Oliver Wendell Holmes, lendário juiz da Suprema Corte americana, certa vez foi interpelado por alguém que via na declaração de ilicitude de prova a libertação de alguém que, com firme certeza, havia praticado um crime grave, pois a prova podia ser ilícita, mas era contundente.

Holmes respondeu que melhor seria abrir todas as cadeias da América do que o Judiciário convalidar um ato ilegal do governo, porque se assim não fosse, o governo jamais respeitaria o ordenamento jurídico e a nação regrediria ao faroeste: uma terra de ninguém, onde o xerife do dia é a lei.

Mas o questionamento pôs o dedo numa ferida verdadeira: A prova ilícita (não a declaração de que ela o é) gera, sim, impunidade.

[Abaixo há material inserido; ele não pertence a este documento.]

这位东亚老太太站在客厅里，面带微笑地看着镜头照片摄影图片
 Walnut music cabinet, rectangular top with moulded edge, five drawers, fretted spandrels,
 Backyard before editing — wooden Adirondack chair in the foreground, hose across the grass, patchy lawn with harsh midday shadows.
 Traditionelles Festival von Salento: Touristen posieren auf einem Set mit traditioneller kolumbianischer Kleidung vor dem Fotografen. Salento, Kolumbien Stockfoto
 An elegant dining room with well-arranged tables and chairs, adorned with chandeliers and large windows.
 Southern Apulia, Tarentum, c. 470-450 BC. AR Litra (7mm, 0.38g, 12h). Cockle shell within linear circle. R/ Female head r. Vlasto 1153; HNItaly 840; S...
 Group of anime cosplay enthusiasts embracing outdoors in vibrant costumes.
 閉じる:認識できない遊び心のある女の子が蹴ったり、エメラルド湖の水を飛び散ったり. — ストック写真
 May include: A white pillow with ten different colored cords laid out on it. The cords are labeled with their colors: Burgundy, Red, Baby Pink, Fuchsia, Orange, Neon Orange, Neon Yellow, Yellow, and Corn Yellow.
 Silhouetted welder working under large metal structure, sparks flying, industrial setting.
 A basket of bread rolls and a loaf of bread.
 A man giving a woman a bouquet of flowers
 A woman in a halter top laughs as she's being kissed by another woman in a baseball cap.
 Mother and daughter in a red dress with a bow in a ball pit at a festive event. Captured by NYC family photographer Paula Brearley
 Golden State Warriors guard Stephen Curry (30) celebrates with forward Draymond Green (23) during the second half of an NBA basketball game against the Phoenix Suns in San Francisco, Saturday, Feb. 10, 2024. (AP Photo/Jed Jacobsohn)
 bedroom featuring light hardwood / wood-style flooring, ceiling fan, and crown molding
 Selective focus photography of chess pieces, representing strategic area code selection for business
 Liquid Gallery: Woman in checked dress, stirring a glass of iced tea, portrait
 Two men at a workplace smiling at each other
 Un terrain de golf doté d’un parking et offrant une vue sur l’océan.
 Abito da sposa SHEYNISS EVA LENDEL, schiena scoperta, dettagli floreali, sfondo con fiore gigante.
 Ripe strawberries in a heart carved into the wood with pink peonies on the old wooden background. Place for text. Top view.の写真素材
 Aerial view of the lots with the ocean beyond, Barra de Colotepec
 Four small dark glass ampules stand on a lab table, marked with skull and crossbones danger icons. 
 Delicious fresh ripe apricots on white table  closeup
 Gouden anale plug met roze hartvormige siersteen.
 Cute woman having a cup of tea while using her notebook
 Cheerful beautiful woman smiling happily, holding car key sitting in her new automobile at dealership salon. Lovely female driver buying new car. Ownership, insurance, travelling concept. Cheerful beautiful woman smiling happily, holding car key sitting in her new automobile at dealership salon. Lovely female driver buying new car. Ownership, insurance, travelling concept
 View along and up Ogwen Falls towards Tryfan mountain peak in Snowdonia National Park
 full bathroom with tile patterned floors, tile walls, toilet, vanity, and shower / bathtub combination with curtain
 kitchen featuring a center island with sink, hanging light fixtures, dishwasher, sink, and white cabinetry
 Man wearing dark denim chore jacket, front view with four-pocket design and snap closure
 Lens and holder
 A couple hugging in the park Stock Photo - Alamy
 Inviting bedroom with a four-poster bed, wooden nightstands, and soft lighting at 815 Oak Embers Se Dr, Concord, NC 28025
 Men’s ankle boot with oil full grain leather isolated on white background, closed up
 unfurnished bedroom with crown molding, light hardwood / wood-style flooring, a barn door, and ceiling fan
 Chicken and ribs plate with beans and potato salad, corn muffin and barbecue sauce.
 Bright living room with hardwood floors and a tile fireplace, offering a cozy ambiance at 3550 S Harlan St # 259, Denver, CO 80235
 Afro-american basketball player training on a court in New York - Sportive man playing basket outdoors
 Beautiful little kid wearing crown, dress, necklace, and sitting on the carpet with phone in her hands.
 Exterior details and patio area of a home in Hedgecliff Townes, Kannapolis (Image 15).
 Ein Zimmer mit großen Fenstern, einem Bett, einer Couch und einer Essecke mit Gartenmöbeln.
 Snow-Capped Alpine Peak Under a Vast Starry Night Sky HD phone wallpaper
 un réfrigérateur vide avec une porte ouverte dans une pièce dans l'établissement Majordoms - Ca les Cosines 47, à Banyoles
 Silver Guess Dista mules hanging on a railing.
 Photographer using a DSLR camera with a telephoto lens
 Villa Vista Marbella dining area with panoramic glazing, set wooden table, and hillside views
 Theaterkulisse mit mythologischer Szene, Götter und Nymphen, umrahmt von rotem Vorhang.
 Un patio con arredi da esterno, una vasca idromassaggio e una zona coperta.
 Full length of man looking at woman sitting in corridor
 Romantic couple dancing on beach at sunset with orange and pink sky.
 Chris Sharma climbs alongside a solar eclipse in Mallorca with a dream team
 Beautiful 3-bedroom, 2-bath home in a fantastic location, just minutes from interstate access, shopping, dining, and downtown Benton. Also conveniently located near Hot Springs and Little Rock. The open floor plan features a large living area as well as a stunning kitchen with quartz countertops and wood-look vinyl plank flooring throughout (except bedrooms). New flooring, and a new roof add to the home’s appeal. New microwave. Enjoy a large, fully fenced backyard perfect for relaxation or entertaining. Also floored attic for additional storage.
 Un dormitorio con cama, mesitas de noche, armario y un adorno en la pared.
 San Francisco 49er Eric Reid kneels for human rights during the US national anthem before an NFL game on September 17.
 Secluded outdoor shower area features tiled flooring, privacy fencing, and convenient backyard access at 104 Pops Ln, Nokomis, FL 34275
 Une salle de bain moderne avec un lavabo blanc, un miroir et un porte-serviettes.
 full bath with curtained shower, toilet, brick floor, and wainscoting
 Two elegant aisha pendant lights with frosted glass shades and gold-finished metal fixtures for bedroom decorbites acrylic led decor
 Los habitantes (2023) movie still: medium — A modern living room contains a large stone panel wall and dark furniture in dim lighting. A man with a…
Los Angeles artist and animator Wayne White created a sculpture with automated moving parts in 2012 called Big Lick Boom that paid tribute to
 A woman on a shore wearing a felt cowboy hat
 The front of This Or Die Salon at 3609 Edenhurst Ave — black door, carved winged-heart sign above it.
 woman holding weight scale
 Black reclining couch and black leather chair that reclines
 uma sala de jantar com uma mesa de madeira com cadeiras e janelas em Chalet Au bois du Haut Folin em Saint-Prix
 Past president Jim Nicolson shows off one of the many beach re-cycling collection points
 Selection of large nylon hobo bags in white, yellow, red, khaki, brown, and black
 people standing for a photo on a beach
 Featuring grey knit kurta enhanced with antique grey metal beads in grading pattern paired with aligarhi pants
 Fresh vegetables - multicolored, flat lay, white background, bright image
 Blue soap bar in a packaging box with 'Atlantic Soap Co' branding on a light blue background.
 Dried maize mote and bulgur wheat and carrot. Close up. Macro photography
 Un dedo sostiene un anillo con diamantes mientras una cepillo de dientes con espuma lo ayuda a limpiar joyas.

Implica anulação do processo e sua reabertura sem o material espúrio, e dificilmente levará a condenação.

Se da afirmação do estado de direito decorre impunidade, devemos chamar a responder por ela os que cometeram ilegaliades no processo, mas nunca considerar que os restauradores da ordem constitucional são culpados por isso.

A maior causa de impunidade no Brasil é a incontinência de autoridades que, por violar direitos da cidadania, põem por terra a apuração de fatos que poderiam, talvez, levar a punição justa.

É preciso que isso fique bem claro: quando o direito de defesa é observado à risca, há uma possibilidade de que se conclua pela inocência do investigado mas, se isso não ocorrer, sua culpa será provada. Já quando se atropela o direito de defesa o processo será anulado; seu refazimento trará dificuldades e é provável a prescrição. Se o acusado for realmente culpado, acabará ficando impune por conta do excesso de acusação.

A observância estrita do direito de defesa gera condenações justas ou a absolvição de inocentes, que é o que muitos não desejam.

E, se há impunidade, ela é causada pelos que posam de xerifes legisladores, que ao violar as garantias constitucionais constroem – com dinheiro público – processos midiáticos, porém nulos.